- _EXERCISE_
Pictures in the listing below are skipped, while the lines from the "Swivel chair" line through the "098506 Flying WITCH" line are returned word for word.

=== RECORDS ===

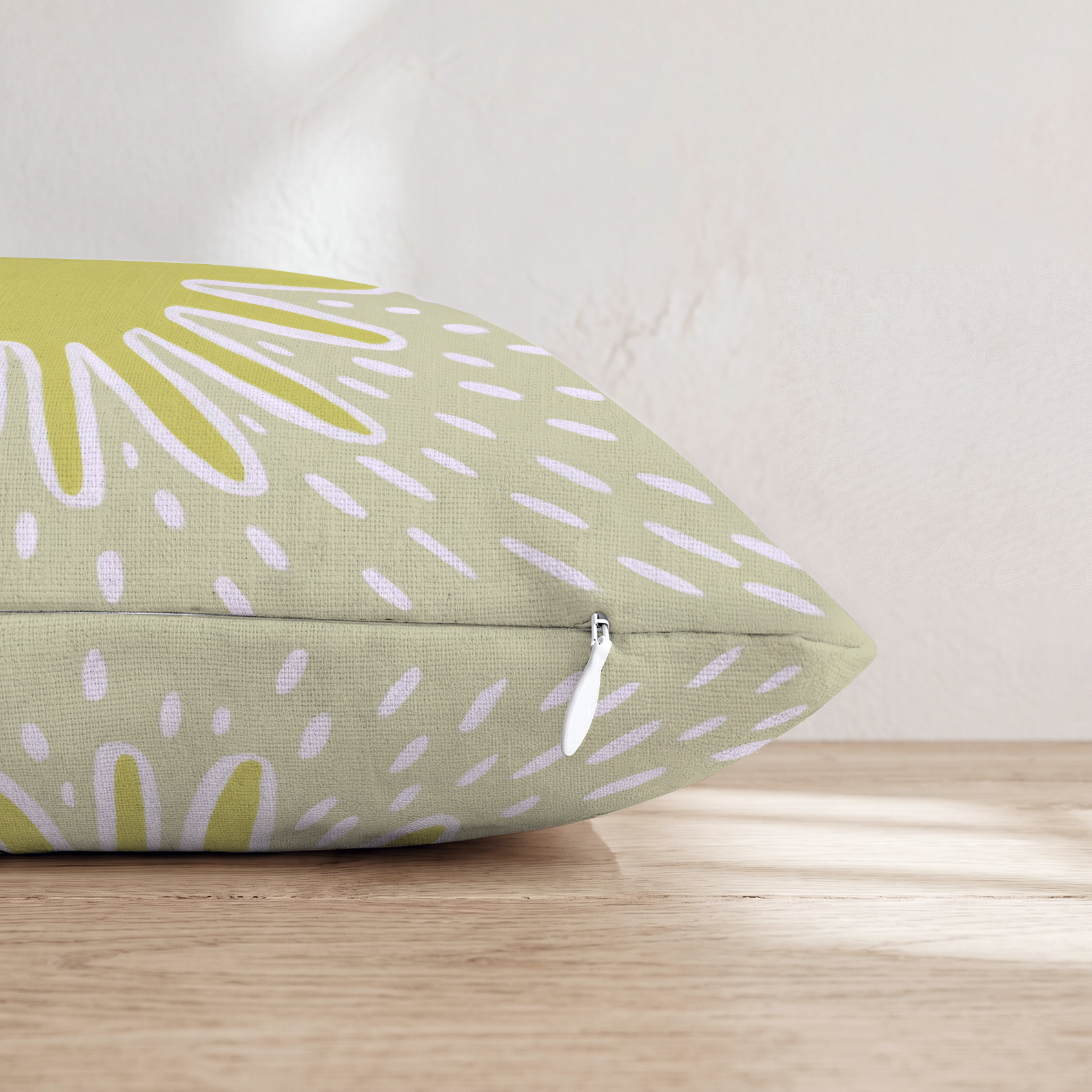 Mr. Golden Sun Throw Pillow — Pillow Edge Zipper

===
=== RECORDS ===

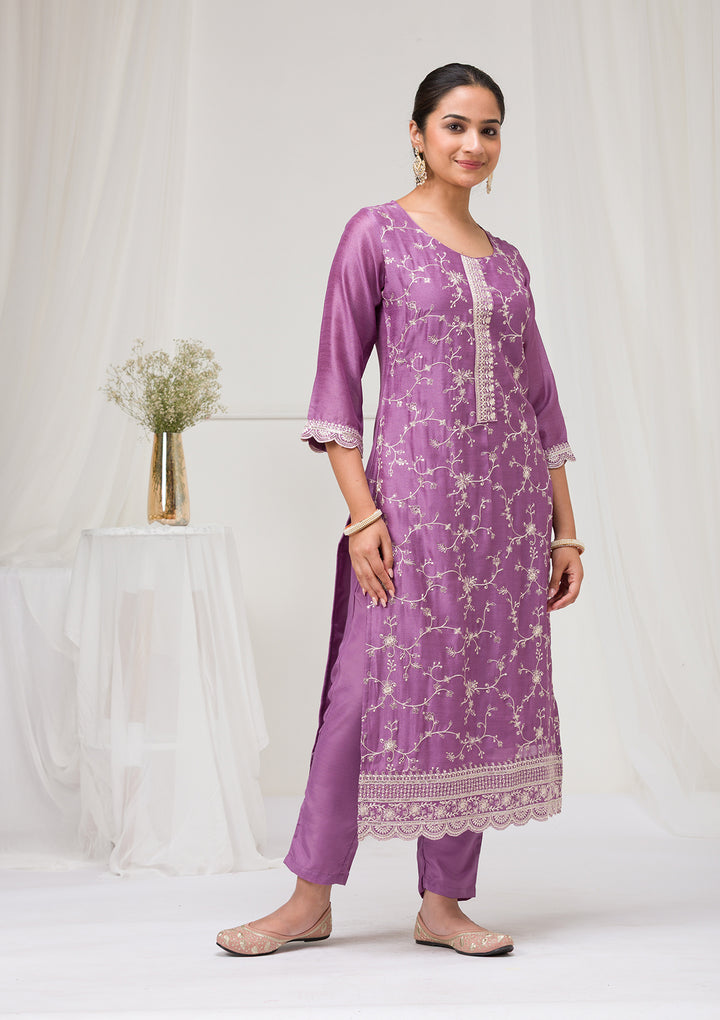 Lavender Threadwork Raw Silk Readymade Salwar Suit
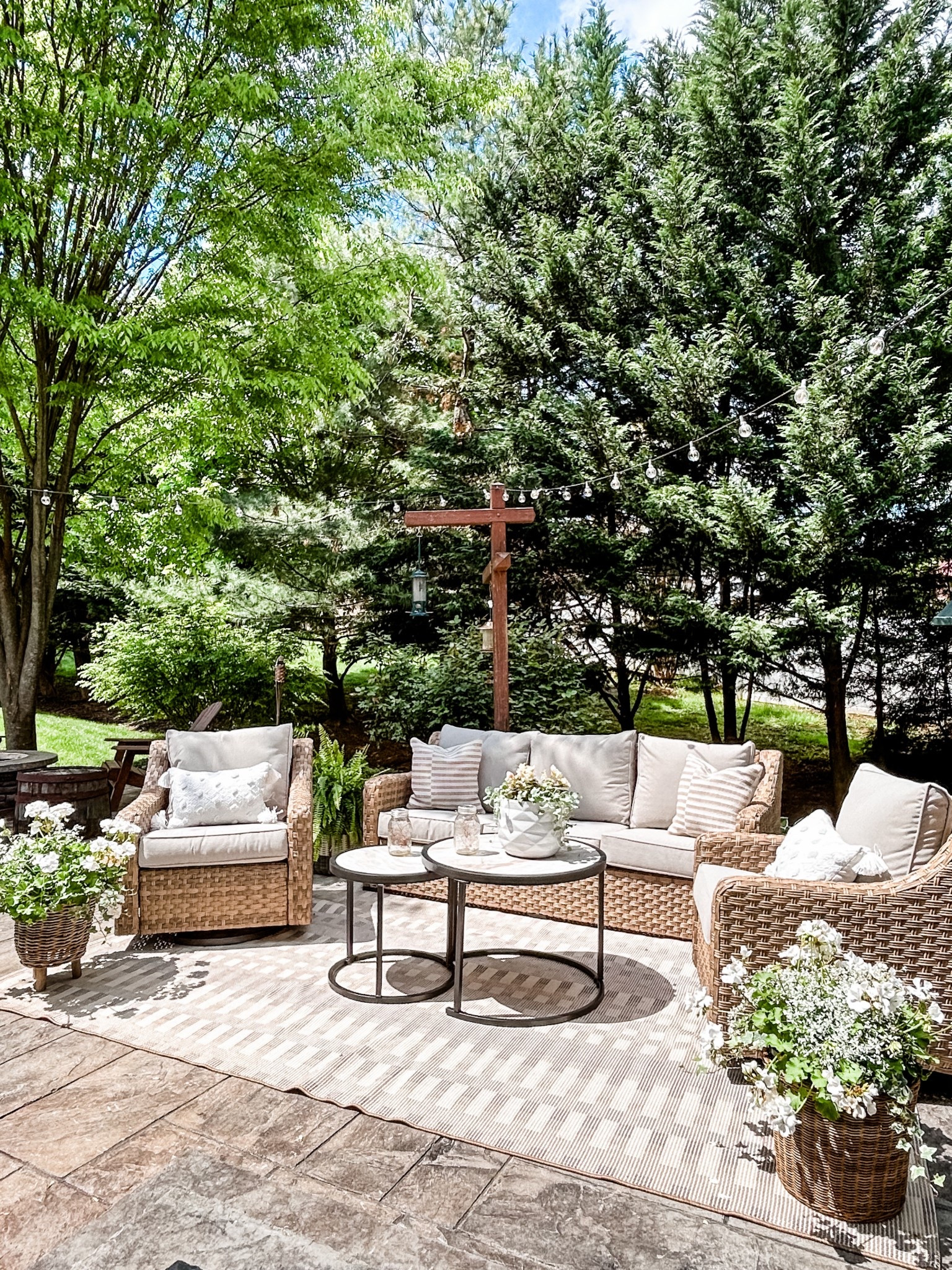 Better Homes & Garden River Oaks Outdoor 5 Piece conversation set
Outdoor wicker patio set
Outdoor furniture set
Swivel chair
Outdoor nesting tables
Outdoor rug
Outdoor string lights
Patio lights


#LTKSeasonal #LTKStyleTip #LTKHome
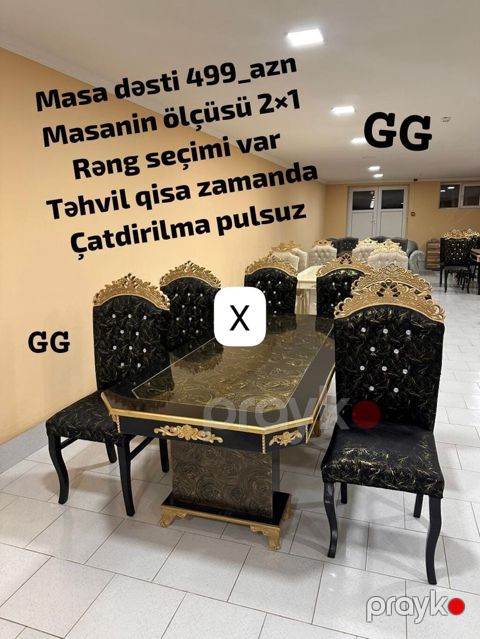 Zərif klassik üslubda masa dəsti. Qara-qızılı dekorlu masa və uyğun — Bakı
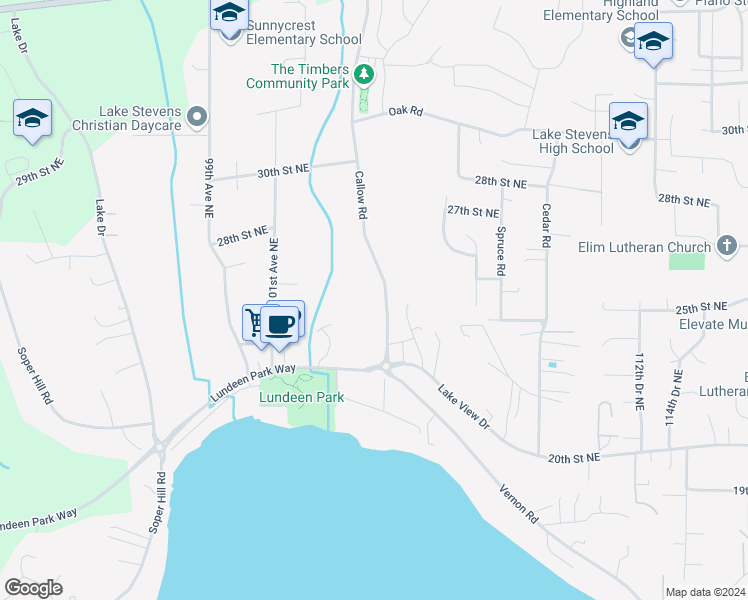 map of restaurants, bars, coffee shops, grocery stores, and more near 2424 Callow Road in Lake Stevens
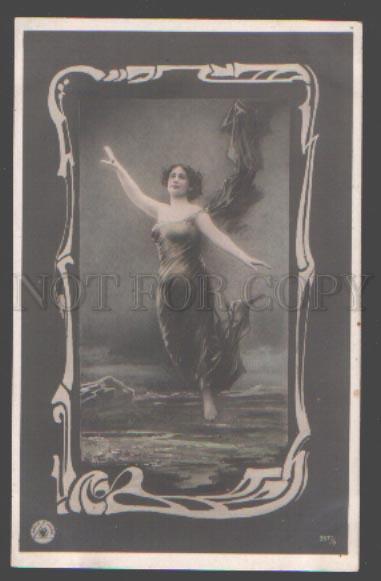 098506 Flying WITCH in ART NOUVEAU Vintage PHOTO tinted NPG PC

===

- _REPLY TO THE TASK_
Swivel chair
Outdoor nesting tables
Outdoor rug
Outdoor string lights
Patio lights


#LTKSeasonal #LTKStyleTip #LTKHome
 Zərif klassik üslubda masa dəsti. Qara-qızılı dekorlu masa və uyğun — Bakı
 map of restaurants, bars, coffee shops, grocery stores, and more near 2424 Callow Road in Lake Stevens
 098506 Flying WITCH in ART NOUVEAU Vintage PHOTO tinted NPG PC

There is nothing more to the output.